En ese sentido, el filme de Clint Eastwood se acerca a la hagiografía. Morgan Freeman encarna magistralmente a un Mandela que tiene mucho de taumaturgo. Apenas hay sombras en este filme. No entran aquí, por ejemplo, las historias de J. M. Coetzee, porque el guión, basado en un libro de John Carlin, se centra en cómo Mandela se enfrentó a su propio partido para aprovechar que el Mundial de rugby se celebraba en su país -después de años de haber estado apartados de las competiciones deportivas internacionales- para dar una buena imagen al exterior y conseguir una auténtica unificación nacional. Y el filme homenajea esta hazaña, aparentemente menor en la abultada y casi siempre heroica biografía de Nelson Mandela.
El arte puede hacer estas cosas. Aunque se critique. Después de todo, el leit motif de Invictus es el poema homónimo de William Ernest Henley, cuyos versos cantan a la superación personal, al triunfo del individuo sobre la circunstancias. Algo que quizás no vaya con estos tiempos gélidos y enemigos de las hazañas, pero que en una pantalla consigue emocionarte.
Invictus no es la mejor película de Clint Eastwood, algo normal en la carrera del director de joyas inigualables como Sin perdón, Los puentes de Madison, Mystic River, Million Dollar Baby y Gran Torino. Las películas cuyo final conoces suelen perder interés. Pero Eastwood vuelve a poner al servicio del guión -no por encima de él- para encadenar una serie de secuencias que llegan al corazón, que consiguen ponerte el alma en un puño. Como es lógico, la peli es sensiblera, pero resulta maravilloso ver cómo este genio ha conseguido que, cuando se escucha el himno nacional africano antes de la final, uno se sienta tan maravillado como cuando escucha La Marsellesa en Casablanca. Un logro al alcance de muy pocos.
A pesar de no ser una película perfecta por su propia esencia -las biografías pierden siempre algo de dramatismo frente a la auténtica ficción- demuestra una vez más que Clint Eastwood es el mejor director del último cuarto de siglo, el único capaz de situarse a la altura de los grandes de la época dorada de Hollywood. Su caligrafía es siempre deslumbrante, el dominio de todos los elementos cinematográficos, excelso, su capacidad para contar manteniendo su figura en un segundo plano, encomiable. Alguien que consigue que un fan de los All Blacks desee que pierda su equipo es, sin duda, un genio.
P.S.: Melson Mandela usó al equipo de los Springboks como herramienta de cohesión nacional.
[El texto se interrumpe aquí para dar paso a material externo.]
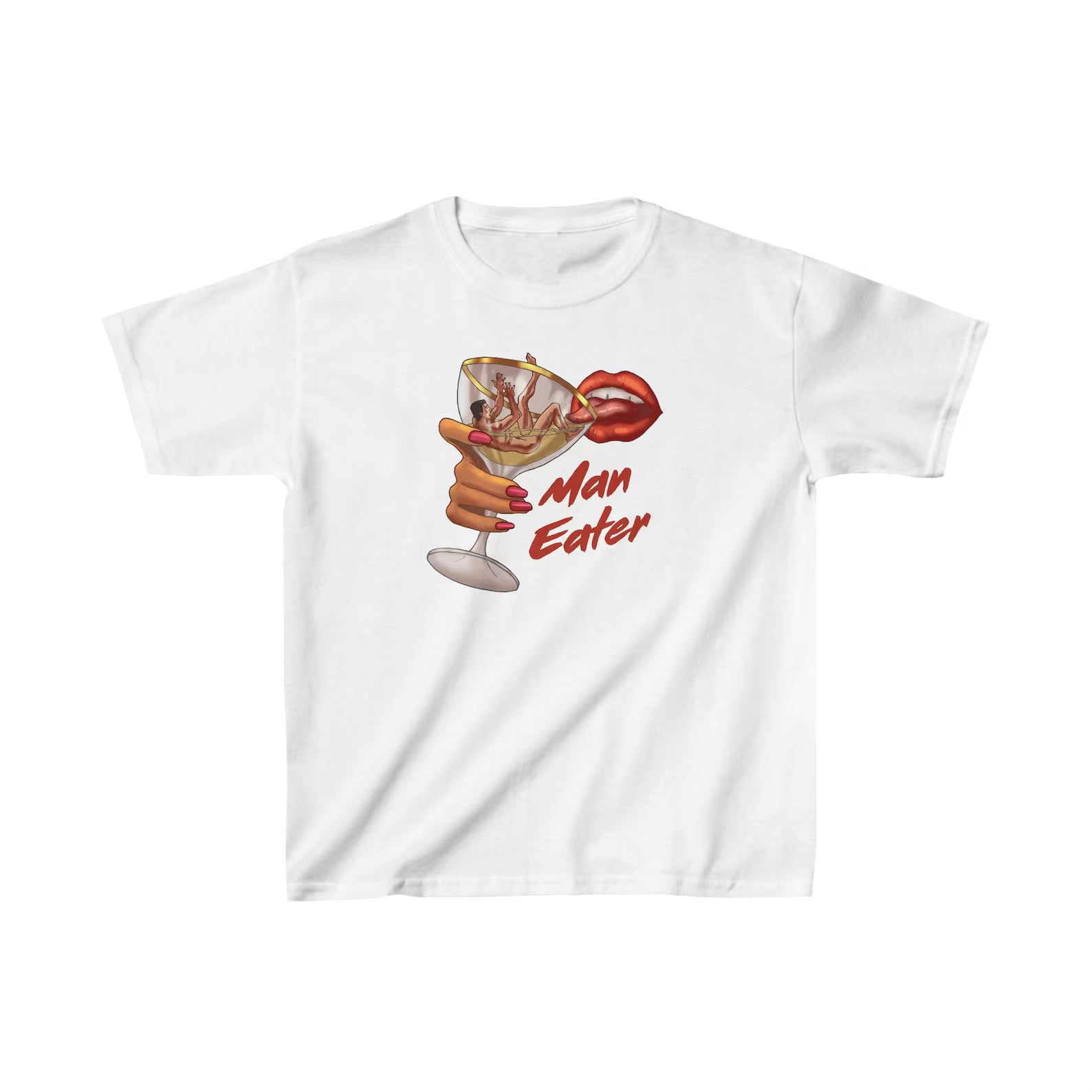 Women’s “Man Eater” Graphic Baby Tee – Y2K Aesthetic Fitted White Crop Top
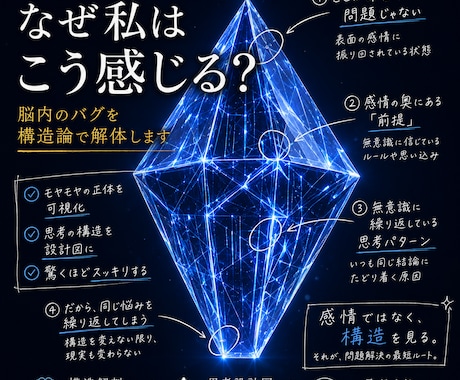 なぜ私はこう感じる？脳内のバグを構造論で解体します 劇薬だけどスッキリ。脳内のバグを解剖し、驚きの納得感を。 イメージ1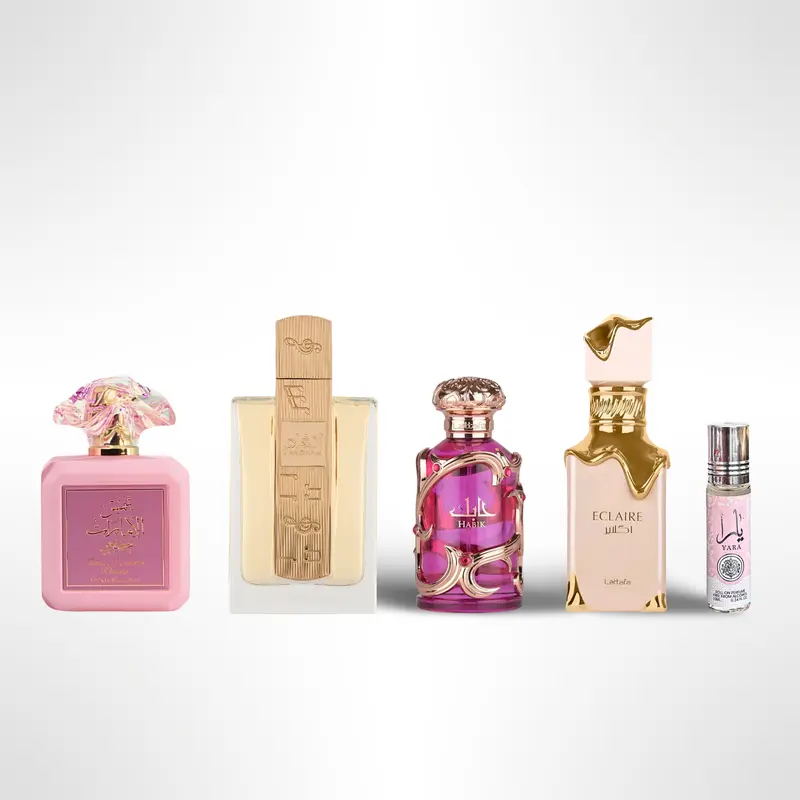 Shams Al Emarat Pink Blush + Angham + Habik Women + Éclaire + Yara Roll-On – Fragrance Gift Bundle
Consiguió que un deporte denostado por la población negra y una selección hasta entonces símbolo del apartheid fuera la representación de más de cuarenta millones de personas hasta entonces divididas en dos grupos enfrentados. ¿No recuerda esto bastante a la capacidad de representación de las selecciones de España, en especial la de baloncesto y la de fútbol? A veces el deporte consigue unir más que banderas, himnos y demás símbolos. Claro que Sudáfrica se va convirtiendo en una nación floreciente que va superando sus viejos fantasmas y España sigue en ese camino autodestructivo donde son más importantes los caprichos que nos separan que los cimientos sobre los que nos convertimos en nación.